This morning I joined WBEZ’s The Morning Shift live for a discussion of religion and climate change. We were specifically looking at the results of a recent survey by the Public Religion Research Institute and the American Academy of Religion, which showed that 39% of “White Evangelical Protestants” are climate change skeptics. For some of my thoughts on the poll and on the broader issue of religion and climate change, listen to this audio of the interview. Expect more thoughts in a post sometime soon.
For the record, the toughest question of the interview was, “For evangelical climate skeptics, what does God have to do with their position?” There is a short answer to that question, and I gave part of it out of respect for the question and out of respect for people who genuinely believe that Scripture or the Christian tradition contradicts climate science.
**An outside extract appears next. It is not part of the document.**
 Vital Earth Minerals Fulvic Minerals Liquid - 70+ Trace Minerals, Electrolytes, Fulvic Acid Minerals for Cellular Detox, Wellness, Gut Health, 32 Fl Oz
However, the long answer would also suggest:
- That political affiliation, race, and relations with the scientific community have a lot to do with how evangelicals of all sorts understand climate change. Indeed, the influence of these factors is as great as or grater than religious persuasion.
- That religion also has a lot to do with the position of evangelicals who believe that climate change is real, serious, and manmade. It doesn’t only influence the “skeptics.”
- Also, from some of this poll and from other research, it appears that religion may have a greater impact on how serious we think climate change is and how we think it should be addressed than it does on whether we think it is real.